Theological Science and Self-Knowledge, IX
To Hegel and Marx, a thing thus remains unknown until man has sensed phenomena about that thing, develops self-knowledge about that thing mathematically and with dialectical thinking, uses that thing, and perfects self-knowledge about that thing.
If some tree falls and if man was not there to sense the fall, man knows nothing about that tree. Trees can fall at any time y and without man’s knowledge. But, this event tells us that the realities of the world are never fully know by man.
Today’s US scientists disagree with Marx and Hegel. Instead, they say that man’s knowledge of everything can be completed. Thus, they are saying that the reality of the world can be known.
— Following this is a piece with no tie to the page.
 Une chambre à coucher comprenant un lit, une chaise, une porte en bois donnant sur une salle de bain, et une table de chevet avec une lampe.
I disagree with US scientists when they say that everything can be known and that the reality of the world can thus be known. My evidence is the continued failure of the field of science to (1) define the underlying matter of things, (1) identify true physical atoms, (3) identify a free physical particle with atom smashers, (4) identify and prove how living things are originated from nonliving things and (5) identify and prove the origin of all finite things. I also disagree with Karl Marx on the subjects of God and mind. To me, God and mind are things.
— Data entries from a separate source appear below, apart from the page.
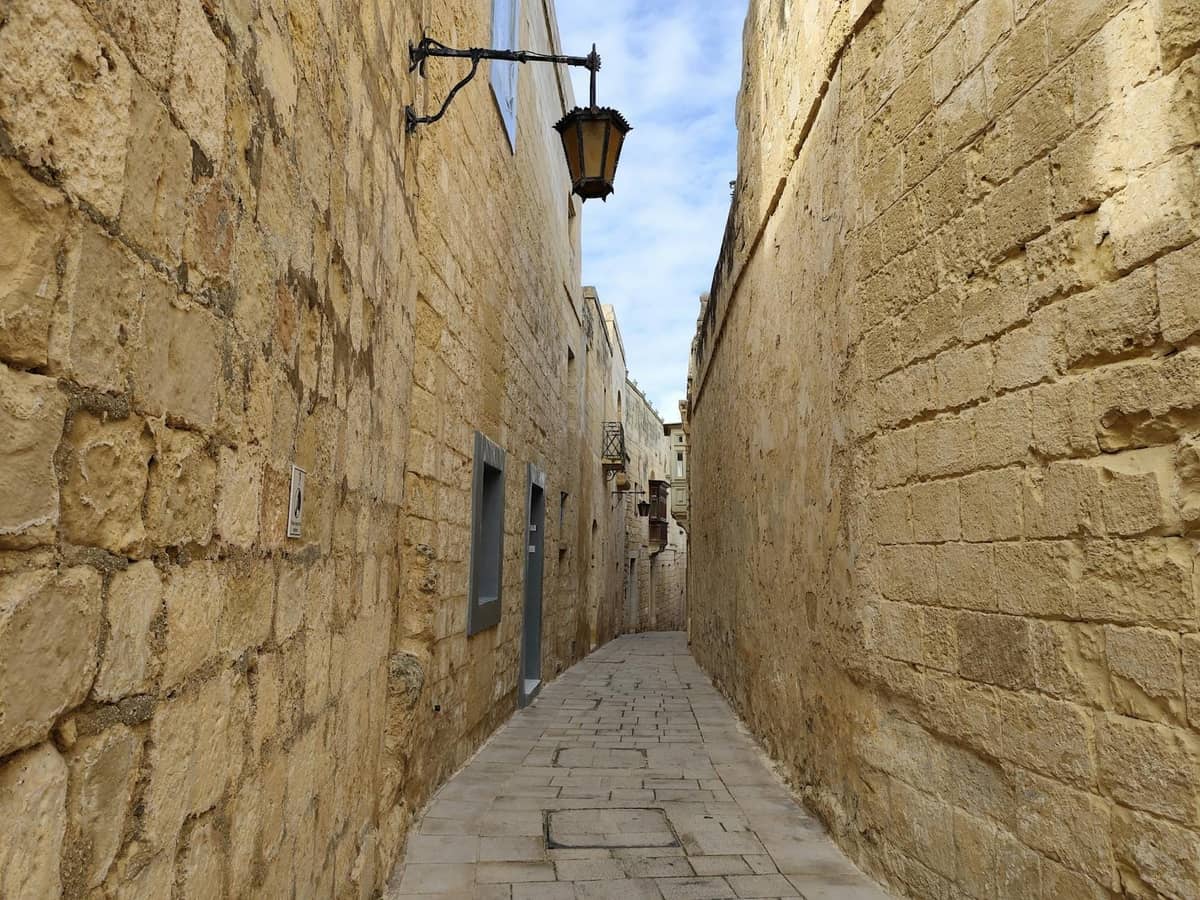 Enge Steingasse mit hohen goldenen Kalksteinmauern und einer hängenden Laterne, typisch für Mdinas ruhige historische Straßen.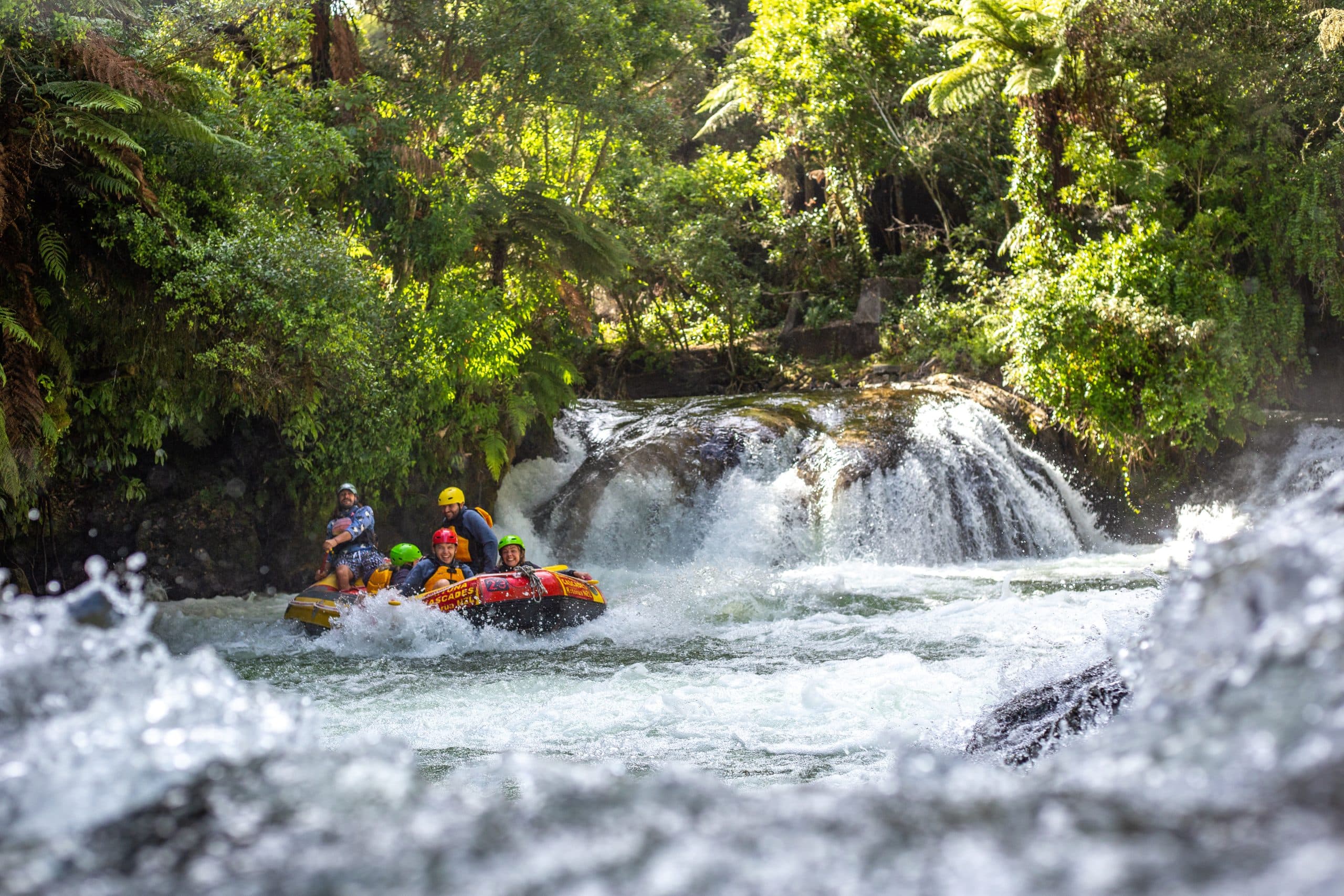 Group in a yellow raft paddling over a small waterfall surrounded by lush greenery.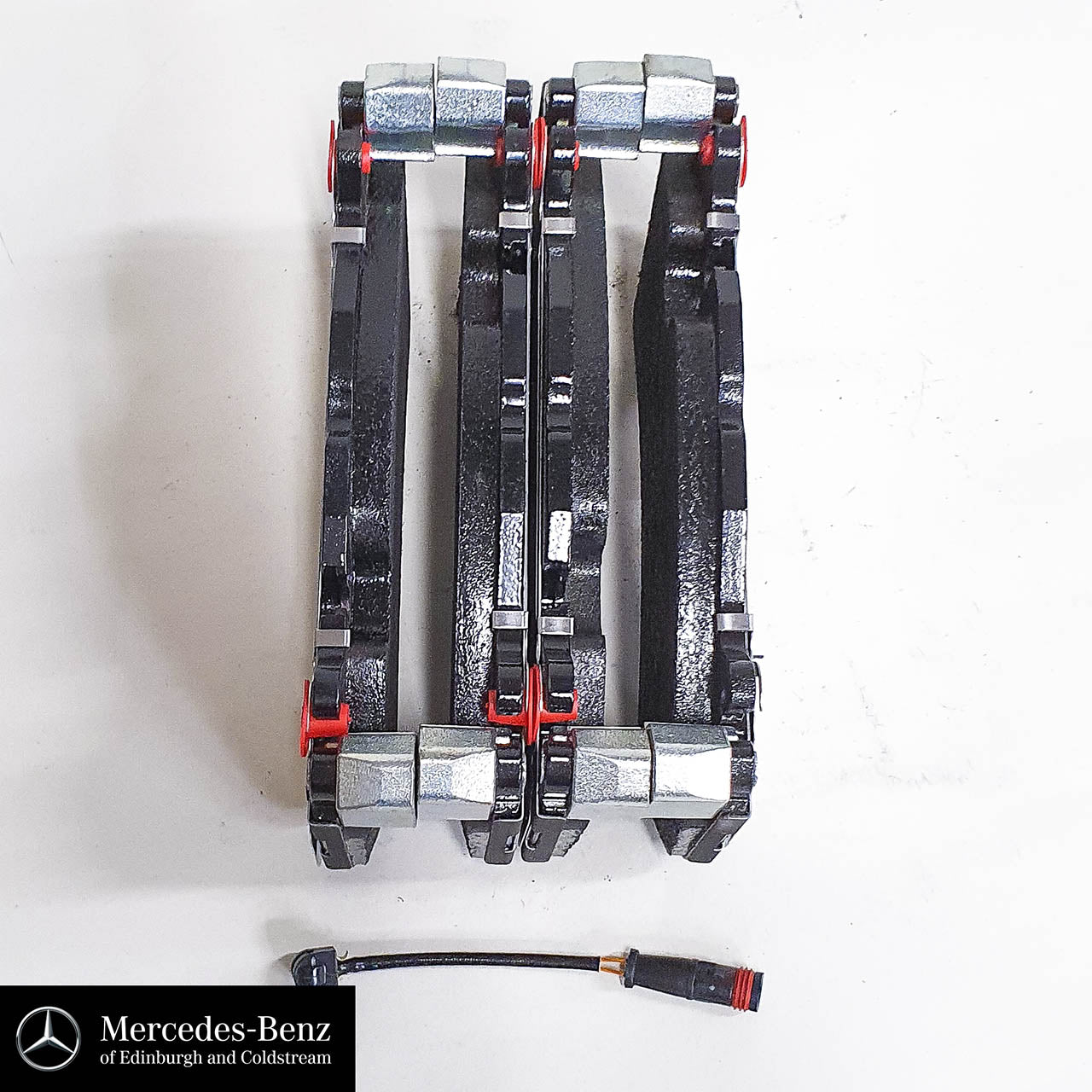 Genuine Mercedes-Benz AMG front brake pads and wear sensor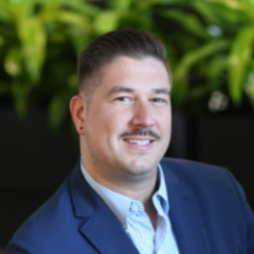 Portrait of a man in a blue suit and light blue shirt, smiling, with green plants in the background.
In the 15th century, Nicholas of Cusa discovered that self-knowledge cannot become maximum because what is maximum is also minimum. The only thing that can be both maximum and minimum is monotheistic God, who unites all oppositions. According to this discovery, the theory of knowledge expressed by US science is false.
Unless US scientists correct their failures and US scientists and Marxists prove that God does not exist, every nation should turn away from the current political methods of building a nation of free humans with current sciences.